Thank you for sending the definitions. I thought you defined n-gram based
field for story and slug, but your definitions looks fine for me.
I don't understand why you got such strange snippets.
I think you can open a jira issue for this problem (sorry I cannot take it
at this moment) with a test case that reproduces the problem would be much
helpful.
Koji
(11/04/24 11:50), Ramanathapuram, Rajesh wrote:
Hi Koji,
My apologies for misunderstanding the question ...
here is Fields ...
<fields>
<field name="storyid" type="string" indexed="true" stored="true"
required="true" />
<field name="slug" type="text" indexed="false" stored="true" />
<field name="author" type="string" indexed="true" stored="true" />
<field name="status" type="string" indexed="false" stored="true" />
<field name="docdate" type="tdate" indexed="true" stored="true" />
<field name="createdate" type="tdate" indexed="false" stored="true"
/>
<field name="modifyby" type="string" indexed="true" stored="true" />
<field name="story" type="text" indexed="false" stored="true" />
<field name="queue" type="lowercase" indexed="true"
stored="true" />
<field name="modifydate" type="tdate" indexed="false"
stored="true" />
<field name="endorser" type="string" indexed="false"
stored="true" />
<field name="slug_sort" type="lowercase" indexed="true"
stored="false" />
<field name="url" type="string" indexed="false" stored="true" />
<field name="showtitle" type="string" indexed="true"
stored="true" />
<field name="date_sort" type="pdate" indexed="true"

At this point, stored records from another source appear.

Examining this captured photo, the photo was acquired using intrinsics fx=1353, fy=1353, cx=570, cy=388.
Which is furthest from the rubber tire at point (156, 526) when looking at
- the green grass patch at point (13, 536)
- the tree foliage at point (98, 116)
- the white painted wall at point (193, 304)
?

stored="false" sortMissingFirst="true" />
<field name="site" type="string" stored="true" indexed="true"/>
<field name="segment" type="string" stored="true"
indexed="false"/>
<field name="digest" type="string" stored="true" indexed="false"/>
<field name="boost" type="float" stored="true" indexed="false"/>
<field name="host" type="url" stored="false" indexed="true"/>
<field name="tstamp" type="long" stored="true" indexed="false"
/>
<field name="anchor" type="string" stored="true" indexed="true"
multiValued="true"/>
<field name="headline" type="string" indexed="true"
stored="true" />
<field name="highlight" type="string" indexed="true"
stored="true" />
<field name="guests" type="string" indexed="true" stored="true"
/>
<field name="transcriptnum" type="string" indexed="false"
stored="true" />
<field name="additionalinewsfields" type="text" indexed="false"
stored="true" />
<field name="all_text" type="text" indexed="true" stored="false"
multiValued="true"/>
<field name="timestamp" type="date" indexed="true" stored="true"

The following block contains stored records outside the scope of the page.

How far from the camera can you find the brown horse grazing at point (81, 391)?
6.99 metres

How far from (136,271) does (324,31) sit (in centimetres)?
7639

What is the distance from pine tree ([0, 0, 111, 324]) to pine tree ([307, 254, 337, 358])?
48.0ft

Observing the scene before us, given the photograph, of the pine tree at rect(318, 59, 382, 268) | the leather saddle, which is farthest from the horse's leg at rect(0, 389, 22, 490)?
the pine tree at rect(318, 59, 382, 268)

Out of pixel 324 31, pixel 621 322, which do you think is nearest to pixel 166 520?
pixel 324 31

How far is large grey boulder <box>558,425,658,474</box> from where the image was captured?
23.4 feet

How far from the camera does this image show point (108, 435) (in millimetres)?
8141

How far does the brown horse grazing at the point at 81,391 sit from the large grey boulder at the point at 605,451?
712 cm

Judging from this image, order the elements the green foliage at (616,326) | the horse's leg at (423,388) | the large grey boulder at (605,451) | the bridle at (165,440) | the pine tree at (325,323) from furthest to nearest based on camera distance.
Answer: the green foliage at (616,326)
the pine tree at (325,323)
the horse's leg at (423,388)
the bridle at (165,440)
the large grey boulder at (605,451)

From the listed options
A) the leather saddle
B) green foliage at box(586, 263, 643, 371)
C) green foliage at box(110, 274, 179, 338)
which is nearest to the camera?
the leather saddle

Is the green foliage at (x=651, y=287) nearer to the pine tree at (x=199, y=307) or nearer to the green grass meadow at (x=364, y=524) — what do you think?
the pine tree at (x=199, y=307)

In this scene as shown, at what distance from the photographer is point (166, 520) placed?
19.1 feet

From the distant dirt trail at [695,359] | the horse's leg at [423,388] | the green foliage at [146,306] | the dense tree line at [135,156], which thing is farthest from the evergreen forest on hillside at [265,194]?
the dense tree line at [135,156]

default="NOW" multiValued="false"/>
<dynamicField name="*_kstem" type="text_kstem" indexed="true"
stored="true" multiValued="true"/>
</fields>
<uniqueKey>storyid</uniqueKey>
And here is Types ...
<types>
<fieldType name="string" class="solr.StrField"
sortMissingLast="true" omitNorms="true"/>
<fieldType name="boolean" class="solr.BoolField"

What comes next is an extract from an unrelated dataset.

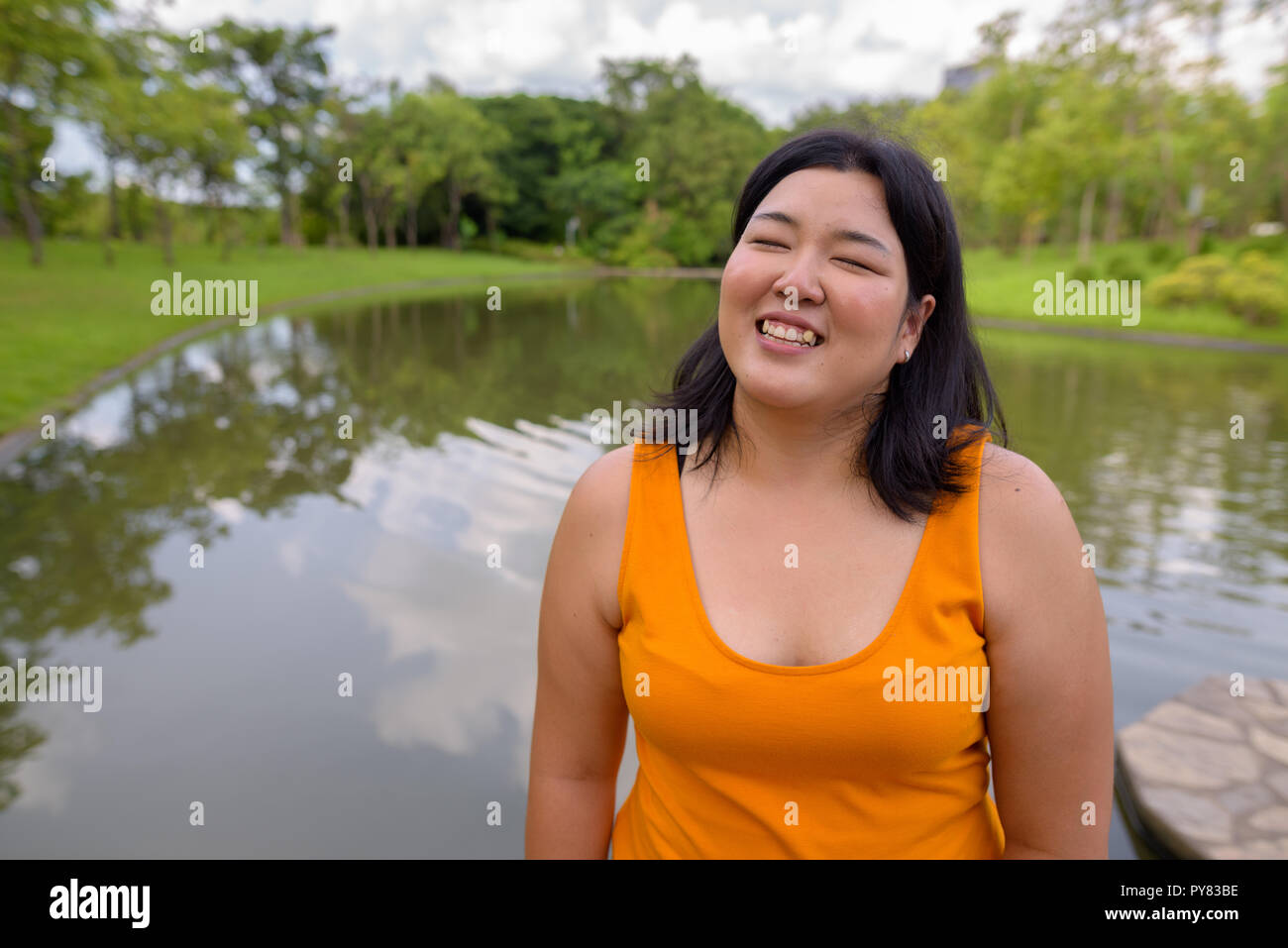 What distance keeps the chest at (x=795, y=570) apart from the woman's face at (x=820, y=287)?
0.19m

sortMissingLast="true" omitNorms="true"/>
<fieldtype name="binary" class="solr.BinaryField"/>
<fieldType name="int" class="solr.TrieIntField" precisionStep="0"
omitNorms="true" positionIncrementGap="0"/>
<fieldType name="float" class="solr.TrieFloatField"
precisionStep="0" omitNorms="true" positionIncrementGap="0"/>
<fieldType name="long" class="solr.TrieLongField" precisionStep="0"
omitNorms="true" positionIncrementGap="0"/>
<fieldType name="double" class="solr.TrieDoubleField"
precisionStep="0" omitNorms="true" positionIncrementGap="0"/>
<fieldType name="tint" class="solr.TrieIntField" precisionStep="8"
omitNorms="true" positionIncrementGap="0"/>
<fieldType name="tfloat" class="solr.TrieFloatField"
precisionStep="8" omitNorms="true" positionIncrementGap="0"/>
<fieldType name="tlong" class="solr.TrieLongField" precisionStep="8"
omitNorms="true" positionIncrementGap="0"/>
<fieldType name="tdouble" class="solr.TrieDoubleField"
precisionStep="8" omitNorms="true" positionIncrementGap="0"/>
<fieldType name="date" class="solr.TrieDateField" omitNorms="true"
precisionStep="0" positionIncrementGap="0"/>
<fieldType name="tdate" class="solr.TrieDateField" omitNorms="true"
precisionStep="6" positionIncrementGap="0"/>
<fieldType name="pint" class="solr.IntField" omitNorms="true"/>
<fieldType name="plong" class="solr.LongField" omitNorms="true"/>
<fieldType name="pfloat" class="solr.FloatField" omitNorms="true"/>
<fieldType name="pdouble" class="solr.DoubleField"
omitNorms="true"/>
<fieldType name="pdate" class="solr.DateField"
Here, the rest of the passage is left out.